Mentioning it to be early signs of an edge in digital lending achieved by leveraging digital payment platforms, put Paytm on the right side of disruption, Bernstein's report read, "While it's too early to declare winners in the digital lending space, we find PayTM, a dominant digital payments platform with a promising head start in the lending business, to be on the right side of the disruption.

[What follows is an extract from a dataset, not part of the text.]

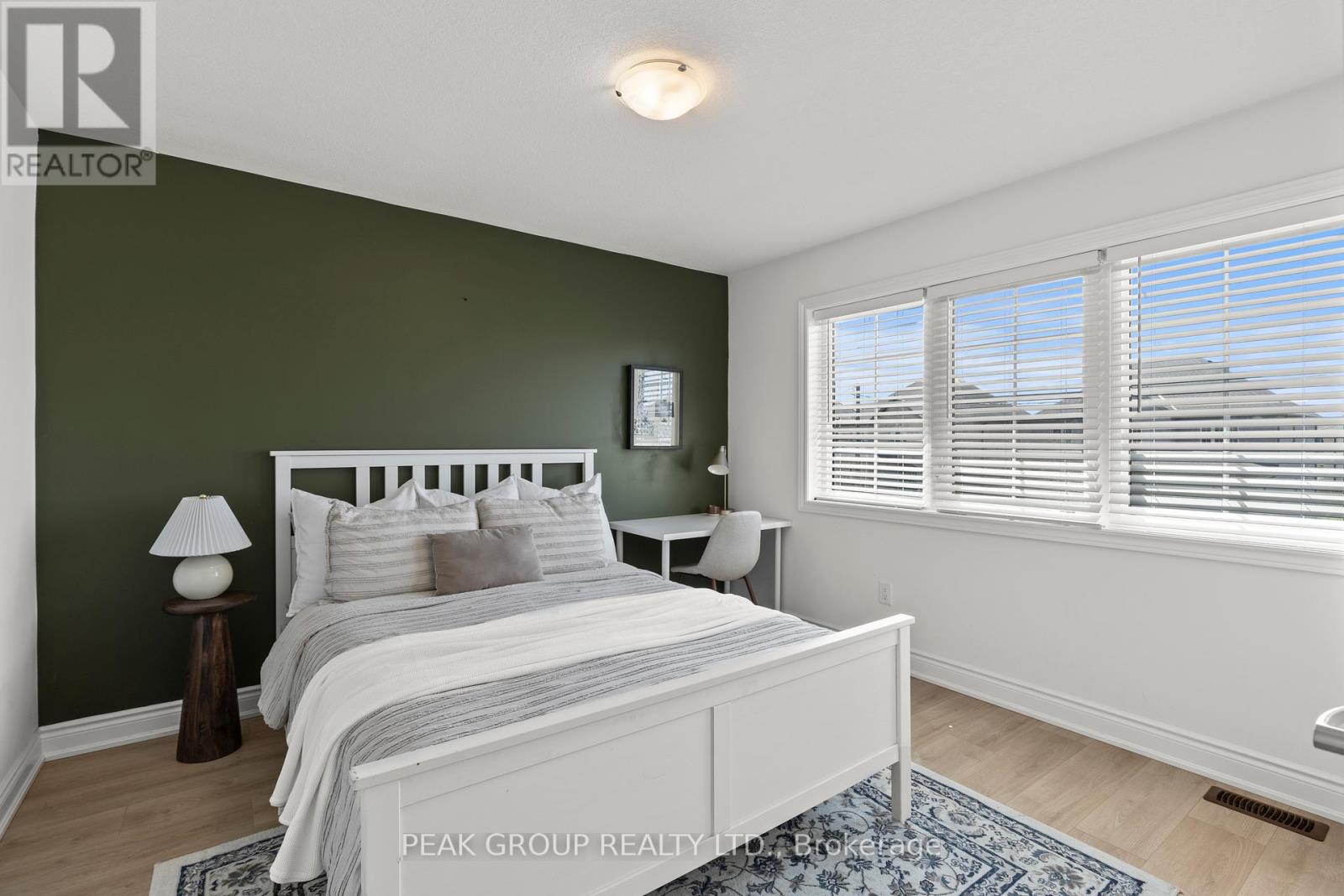 Lorem Ipsum Do, Thorold, Ontario  L2V  - Photo 37 - DEMO28871777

Analysts of the broking firm expect Paytm’s loan disbursal volume to grow and the market share to rise to 4 per cent by FY26. It added that Paytm is stabilising the margin in its payments segment. Furthermore, with stabilizing margins in its payments segment, the brokerage expects the business to break even by FY25E and generate an EPS of ~INR 130 by FY30E.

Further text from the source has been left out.